A Mendoza (1.000 km à l'ouest de Buenos Aires) où se sont produits les faits présumés dans la nuit du 6 au 7 juillet, les avocats de la plaignante, une Argentine de 39 ans, et ceux des joueurs, devaientt débattre, dans une audience a huis clos, du non-lieu demandé fin août par la défense des rugbymens.
Avant eux, le parquet -- deux procureurs co-chargés de l'enquête -- devait lui aussi plaider en faveur du non-lieu, comme il l'a annoncé début octobre au terme de l'instruction, "pour cause de doutes ou d'absence de preuves".
Une décision par la juge Eleonora Arenas, présidant les débats, devrait intervenir au mieux le 25 octobre, date d'une deuxième audience programmée. Voire quelques jours plus tard, si la magistrate décide d'une mise en délibéré.
Les avocats sont arrivés peu après 9h00, heure prévue de l'audience, a constaté l'AFP. Avocat des joueurs, Rafael Cuneo Libarona a dit craindre des "subterfuges" visant à retarder la procédure, mais espéré que l'affaire se résolve "le plus vite possible, tant le préjudice est grand".
Natacha Romano, avocate de la plaignante, a réitéré que ses preuves fournies sont "fondamentales", et une nouvelle fois accusé le procureur --qu'elle avait tenté de faire récuser- de "ne pas vouloir en tenir compte".
Plaignante et inculpés ont le droit d'assister à l'audience, mais les joueurs rentrés en France depuis plus d'un mois n'y assisteront pas même en virtuel, selon leur avocat. La plaignante pour sa part n'était pas présente, son frère si.
- Joué d'avance ? -
Auradou et Jegou, 21 ans, sont depuis plus de trois mois inculpés de viol aggravé en réunion, faits présumés survenus dans une chambre d'hôtel de Mendoza, où le XV de France venait de jouer un match contre l'Argentine.
Ils affirment depuis le début que les relations sexuelles avec la plaignante, rencontrée en boîte de nuit, étaient consenties et sans violence. Son avocate a au contraire dénoncé un viol avec "violence terrible", une cliente "sauvagement battue".
Les deux joueurs encourent entre huit et 20 ans de prison.
D'abord placés en détention provisoire puis assignés à résidence à Mendoza, ils ont été libérés mi-août, puis autorisés à rentrer en France début septembre. Ils ont depuis repris le rugby en clubs : la compétition pour Auradou avec Pau, l'entrainement pour Jegou avec La Rochelle.
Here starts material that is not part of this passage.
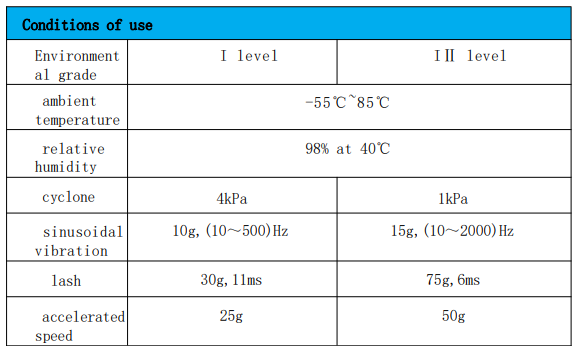 Comparație JZX-16M cu releul rusesc din seria P3H33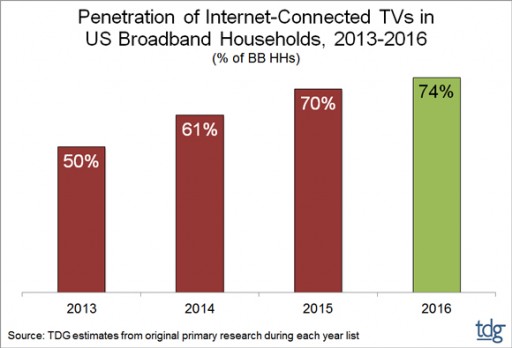 TDG: Three-Fourths of US Broadband Households Now Have an Internet-Connected TV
Dans son argumentaire autorisant, le 3 septembre, le départ des joueurs, le parquet concluait des éléments à sa disposition que "l'accusation initiale a perdu de sa force", reflétant un basculement progressif de la procédure.
Me Cuneo Libarona a indiqué à l'AFP que sa "longue plaidoirie" vendredi visera à "faire ressortir les contradictions, les incohérences, et surtout les omissions" de la plaignante. "Au début cela semblait une horreur, une atrocité, puis on s'est rendu compte que tout était faux".
L'autre avocat argentin des rugbymen, German Hnatow, s'est dit optimiste, considérant que tous les éléments du dossier "mènent à une seule direction : le non-lieu".
- Fuites et surexposition -
Du côté de la plaignante, le pessimisme domine. "Je n'attends rien (...) Je pense que cela va être un non-lieu, ce n'est qu'une question de temps", a confié à l'AFP Mauricio Cardello, l'un de ses avocats.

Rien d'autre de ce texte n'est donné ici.